Editor’s Note: As part of LinkedIn’s inDay Speaker Series, our colleague Deidre Caldbeck invited Professor Clayton Christensen from Harvard Business School to talk about his new book How Will You Measure Your Life?. Below is a recap including the full recording of his riveting talk.
Professor Clayton Christensen is well known for his best-selling publication, The Innovator’s Dilemma, and several successful follow-on books where he applies his influential theory of disruptive innovation to social issues like education and healthcare. Clay not only has an incredibly intelligent and visionary mind, but he’s also a caring, thoughtful, and witty individual. I was fortunate enough to get a seat in his popular class at Harvard Business School, and to get to know him on a more personal level as a family friend. After being inspired by his most recent book, How Will You Measure Your Life?, where he takes his impactful business teachings and applies them to an individual’s personal life, I asked Clay to share his thoughts with my fellow colleagues at LinkedIn.
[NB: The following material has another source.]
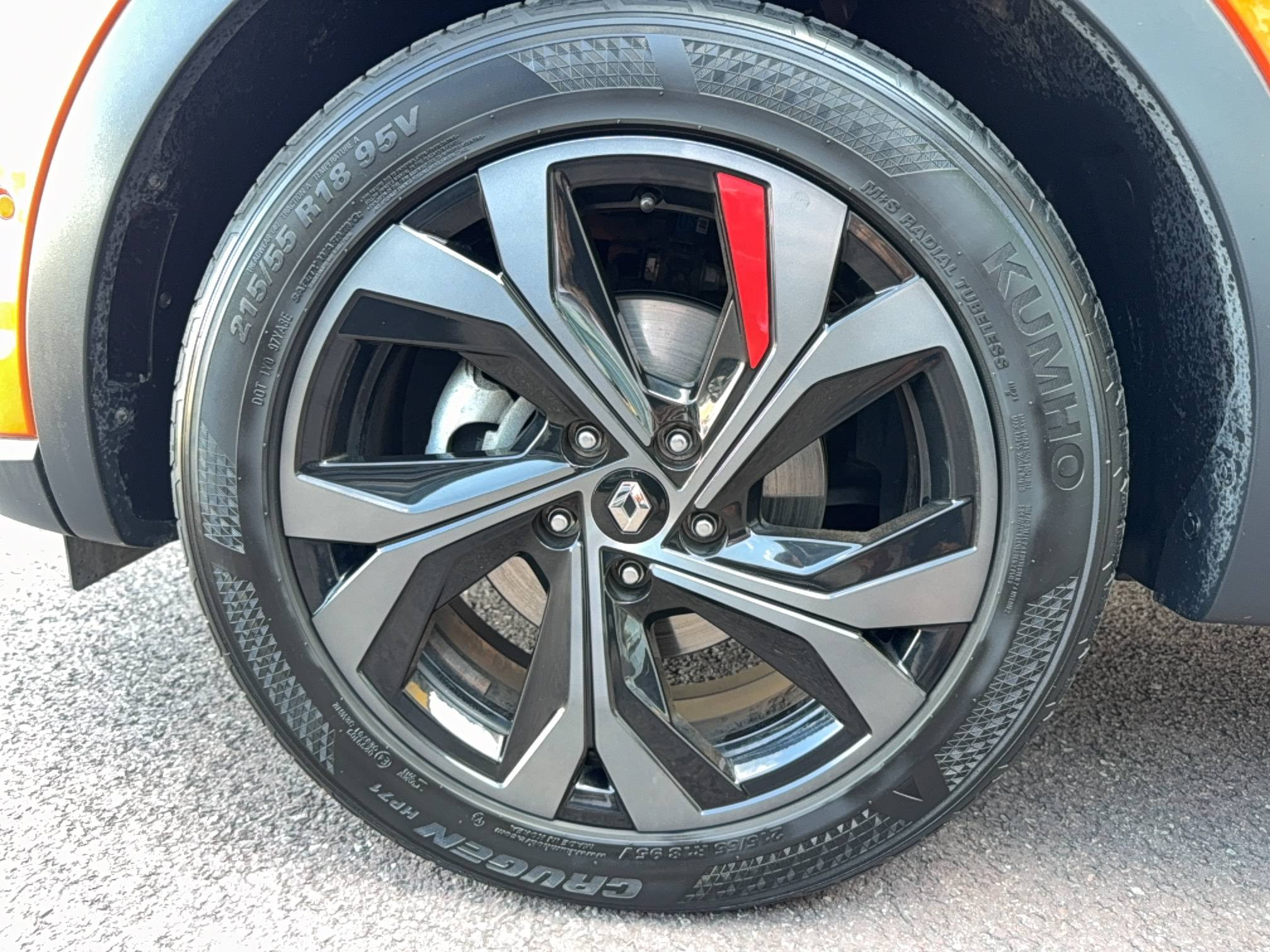 Vente en ligne Renault Arkana  E-Tech 145 - 21B au prix de 20 480 €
Speaking to a packed and riveted audience, Clay described his motivations for writing his most recent book. Over the last 30 years, Clay has been saddened to learn that many of his former classmates and colleagues – despite obtaining wealth and status – had broken families and messy personal lives. Several had even gone to jail. He realized you could avoid these outcomes if you apply his same impactful business theories to your personal life.
Take Clay’s theory of disruption, which states “the pursuit of profit drives companies up-market, and moving towards affordability and accessibility seems less profitable.” Disruption happens as a result of many seemingly small decisions – decisions that are made with sound business sense. Companies tend to prefer selling products and services with high gross margins. But over time, this pursuit can lead to competitors coming in at the low margin levels, gradually moving up market, and eventually taking over the entire business. This happened most notably to the integrated steel mills in the 1980s, and continues to happen today to companies like Oracle (disrupted by Salesforce.com) and Toyota (disrupted by Kia and Hyundai).
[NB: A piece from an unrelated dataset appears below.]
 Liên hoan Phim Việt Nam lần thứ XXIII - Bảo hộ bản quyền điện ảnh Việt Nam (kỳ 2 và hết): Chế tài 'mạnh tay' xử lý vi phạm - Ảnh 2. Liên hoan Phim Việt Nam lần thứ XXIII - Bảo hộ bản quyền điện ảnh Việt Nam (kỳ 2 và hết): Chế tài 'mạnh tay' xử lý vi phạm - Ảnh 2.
We are faced with the same decisions in our personal lives. As the overachievers that we are here at LinkedIn, we tend to use every free moment of our day to pursue an activity that will give us the highest level of tangible achievement – shipping a product, closing a sale. Dedicating free time to our family and friends doesn’t have the same immediate benefit. So we tend to invest time in our work, and plan to “spend tomorrow” with the family. Over time, these decisions can lead to, at best, unhappy families, but, at worst, broken homes. After Clay’s talk on Friday, I went home to spend some quality (yet not so rewarding, as she disobeyed my every request!) time with my daughter, in the hope that she and I can both reap the benefits in the long term.
In his book, Clay writes “The type of person you want to become – what the purpose of your life is – is too important to leave to chance. It needs to be deliberately conceived, chosen, and managed.” Just as we have a stated mission at LinkedIn – to connect the world’s professionals to make them more productive and successful – Clay has inspired me to have my own personal strategy. I plan to have a successful and happy career, to benefit from fulfilling relationships, and to live a life of integrity. How Will You Measure Your Life?